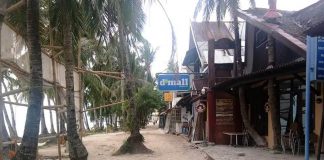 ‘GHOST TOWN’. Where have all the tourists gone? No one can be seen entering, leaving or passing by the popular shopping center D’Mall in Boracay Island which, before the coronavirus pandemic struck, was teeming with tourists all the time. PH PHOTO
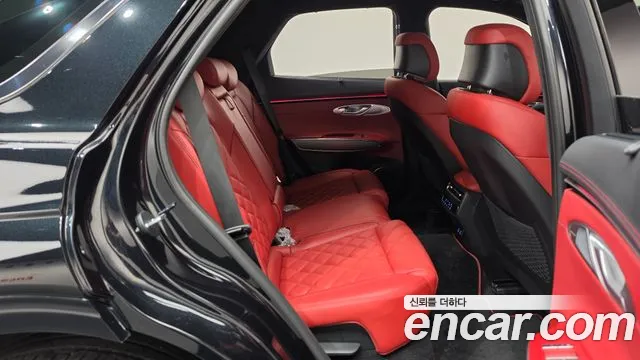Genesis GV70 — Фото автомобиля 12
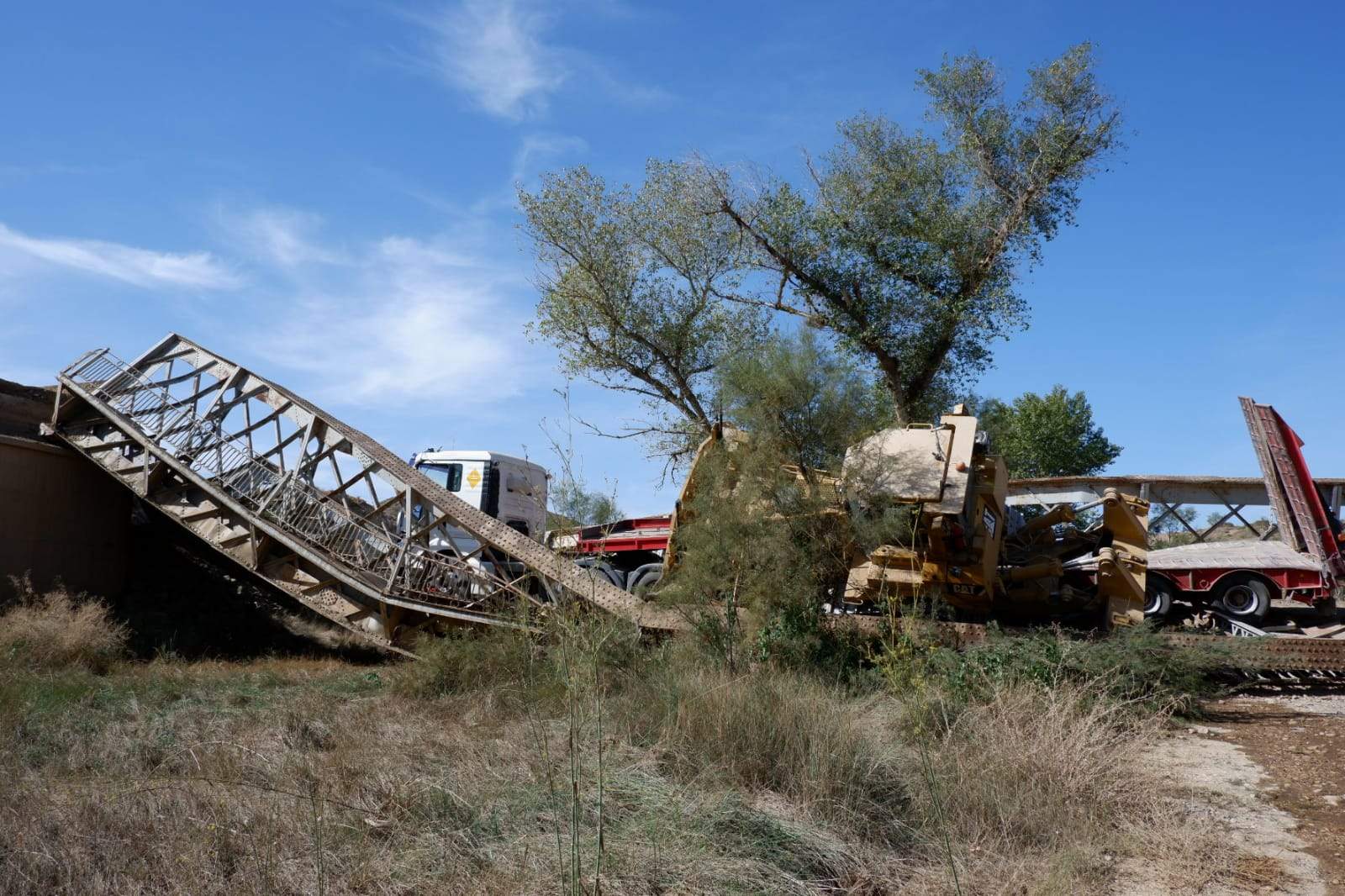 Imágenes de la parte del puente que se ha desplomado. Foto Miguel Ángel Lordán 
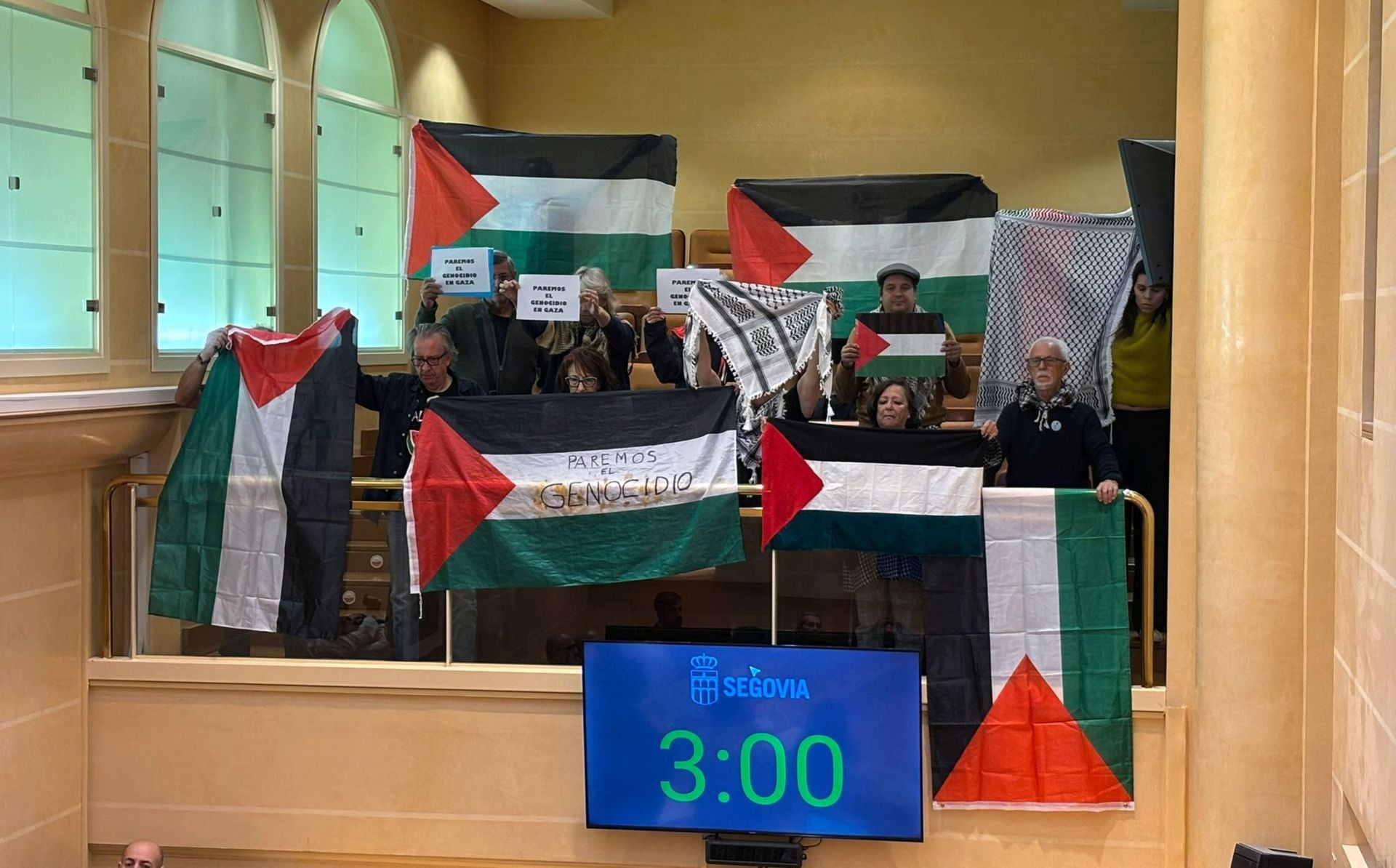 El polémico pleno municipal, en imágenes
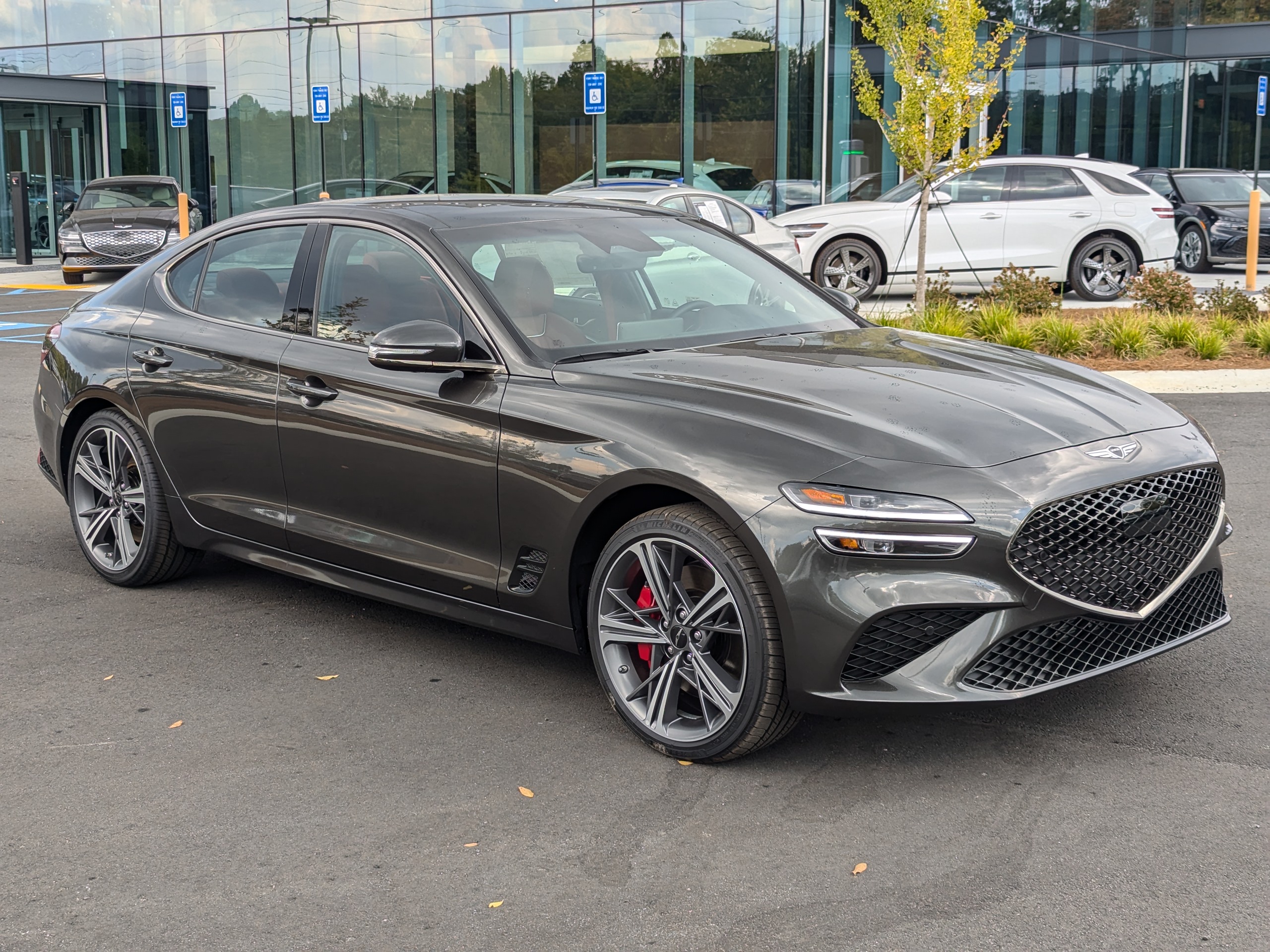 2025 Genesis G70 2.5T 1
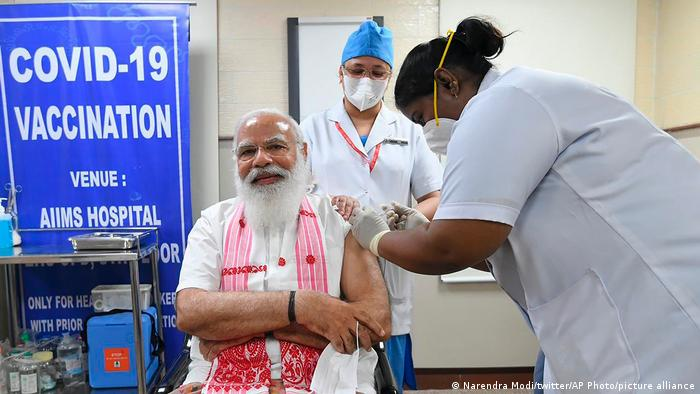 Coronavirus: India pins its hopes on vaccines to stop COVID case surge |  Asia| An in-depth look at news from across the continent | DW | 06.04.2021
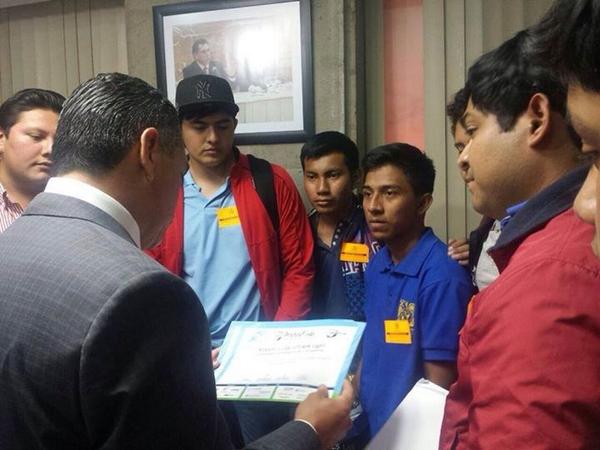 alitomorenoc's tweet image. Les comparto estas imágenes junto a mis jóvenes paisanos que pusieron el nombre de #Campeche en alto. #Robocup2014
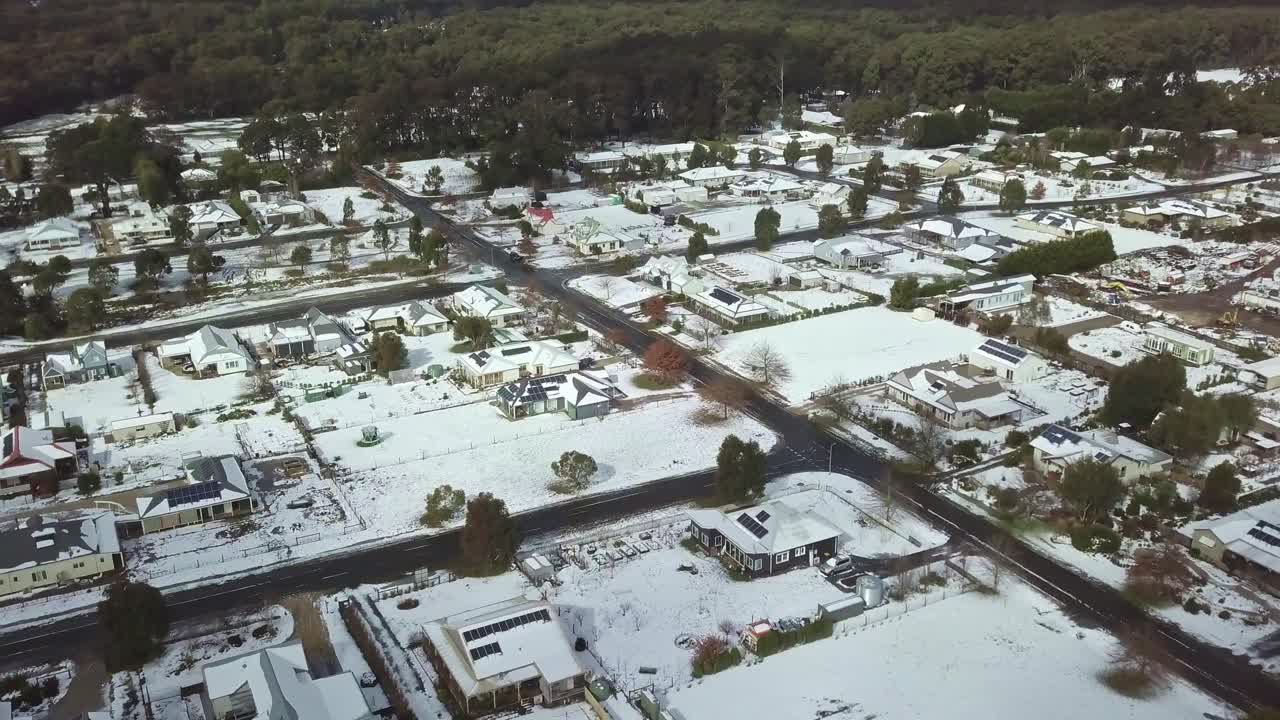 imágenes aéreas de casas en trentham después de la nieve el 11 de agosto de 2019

----

The answer must consist solely of the lines from the line containing "Genesis GV70 — Фото автомобиля 12" to the end of the data, reproduced exactly, with every picture left out.

## SOLUTION
Genesis GV70 — Фото автомобиля 12
 Imágenes de la parte del puente que se ha desplomado. Foto Miguel Ángel Lordán 
 El polémico pleno municipal, en imágenes
 2025 Genesis G70 2.5T 1
 Coronavirus: India pins its hopes on vaccines to stop COVID case surge |  Asia| An in-depth look at news from across the continent | DW | 06.04.2021
 alitomorenoc's tweet image. Les comparto estas imágenes junto a mis jóvenes paisanos que pusieron el nombre de #Campeche en alto. #Robocup2014
 imágenes aéreas de casas en trentham después de la nieve el 11 de agosto de 2019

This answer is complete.